It's not a good idea to just grab a copy of the page's code that does this.
Consider: you get a Content Security Policy error, because you're trying to execute a piece of code from a remote server. While you can relax the policy, let me first explain why is this a security problem.
Currently, your code loads http://dota2.cyborgmatt.com/prizetracker/data/ti4.json
and executes its contents, without verifying what they are. Right now it looks like this:
populatePrizePool({"dollars":3129676});
But: this is a website you do not control.

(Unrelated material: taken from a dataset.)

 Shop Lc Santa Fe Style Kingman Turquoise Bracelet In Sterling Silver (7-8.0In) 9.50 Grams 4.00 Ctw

Imagine: you write your extension, it becomes popular, admins of the site notice the unusual traffic, change their code to load http://dota2.cyborgmatt.com/prizetracker/data/ti4_.json
instead, and after a bit of googling replace the original link's contents with this:
alert("By the way, Ramana Venkata is stealing our data. Sincerely, cyborgmatt.com");
And suddenly, your extension doesn't work, you have an angry mob of users, and are slightly embarrassed.
You see the problem? It could be worse, as the replacement code can be as evil as JS permits. Since HTTP traffic is trivial to intercept, it doesn't even take cyborgmatt.com admins to inject arbitrary code in your extension, and that is why it's not even possible to relax the policy in this way.
Now, to solve the problem. Instead of AJAX-loading the code, you should just load this file, parse it to get the JSON data (i.e. {"dollars":3129676}
), safely parse and validate that data, and only then use it. This way, if the above scenario happens, at least nothing evil comes of it.
Step 1: Get the data.
Replace the $.ajax
call with XHR:
var xhr = new XMLHttpRequest();
xhr.onreadystatechange = function(){
if (xhr.readyState == 4) {
parseAndValidate(xhr.responseText);
}
};
xhr.open("GET", "http://dota2.cyborgmatt.com/prizetracker/data/ti4.json", true);
xhr.send();
Step 2: Parse and validate.
You have a string that you expect to have the following format: populatePrizePool(SOME_JSON);
, and you expect the JSON data to contain a non-negative number dollars
.
function parseAndValidate(str){
var some_json;
// First, extract `SOME_JSON` with a regular expression:
if(str.match(/populatePrizePool\((.*)\);/)) {
some_json = str.match(/populatePrizePool\((.*)\);/)[1];
} else {
throw Error("Unexpected format for ti4.json");
}
// Second, _safely_ parse `some_json`:
var data = JSON.parse(some_json); // Will throw an exception if something's not right
// Third, ensure that the JSON has the required data:
if( !data.dollars || typeof data.dollars !== "number" || data.dollars < 0) {
throw Error("Unexpected data format for ti4.json");
}
// Finally, call the function:
populatePrizePool(data);
}
This may be a little overkill for your tiny project, but it's a learning experience. Do not blindly trust data you don't control, even less code you don't control.